What happens when the Kubernetes master fails?

David Newswanger picture David Newswanger · Aug 26, 2016 · Viewed 16.8k times · Source

I've been trying to figure out what happens when the Kubernetes master fails in a cluster that only has one master. Do web requests still get routed to pods if this happens, or does the entire system just shut down?

According to the OpenShift 3 documentation, which is built on top of Kubernetes, (https://docs.openshift.com/enterprise/3.2/architecture/infrastructure_components/kubernetes_infrastructure.html), if a master fails, nodes continue to function properly, but the system looses its ability to manage pods. Is this the same for vanilla Kubernetes?

Answer

pnovotnak picture pnovotnak · Aug 26, 2016

It's my understanding that the master runs the API, and now (since 1.3?) Manages the underlying cloud infrastructure.
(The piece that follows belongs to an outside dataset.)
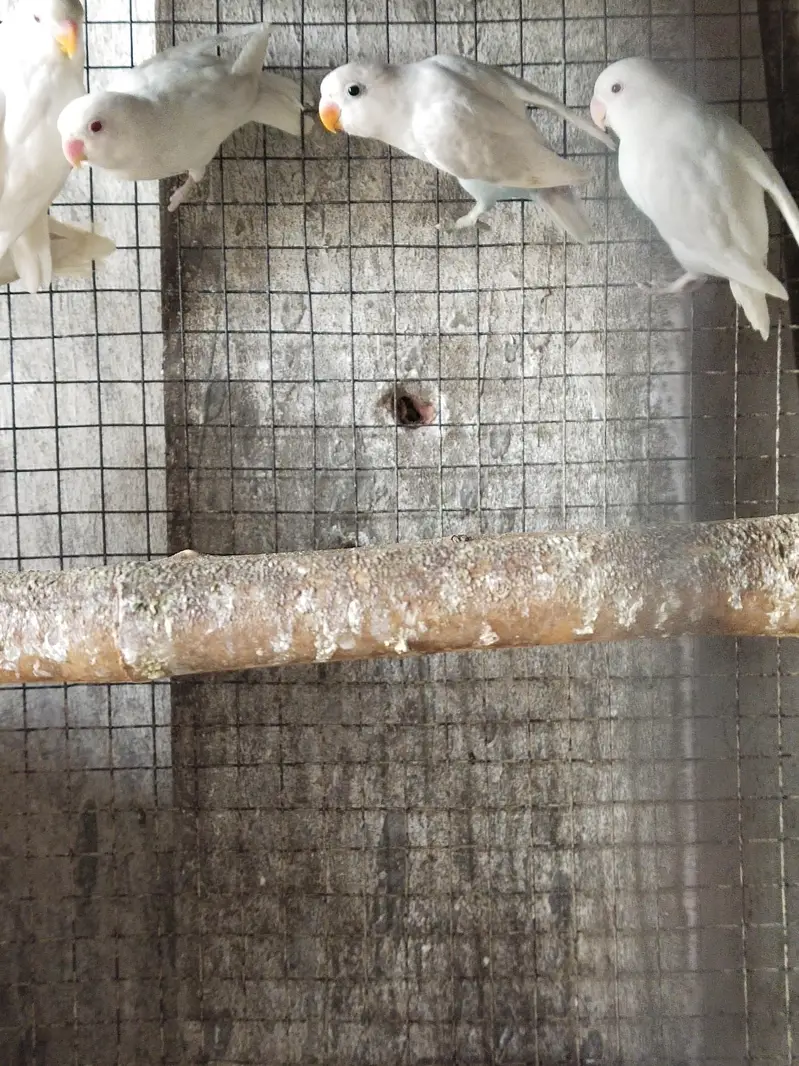 albino black eyes+ blue fishery mobile #03320008659 — photo 3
When it is offline, the API will be offline, so the cluster ceases to be a cluster and is instead a bunch of ad-hoc nodes for this period. The cluster will not be able to respond to node failures, create new resources, move pods to new nodes, etc. Until the master is back online.

However, in any case, life for applications will continue as normal unless nodes are rebooted, or there is a dramatic failure of some sort during this time, because TCP/ UDP services, load balancers, DNS, the dashboard, etc. Should all continue to function.

If a node is rebooted, DNS queries may not resolve correctly until the master comes back online.

If you'd like to test this out yourself, I recommend kubeadm-dind-cluster or kind.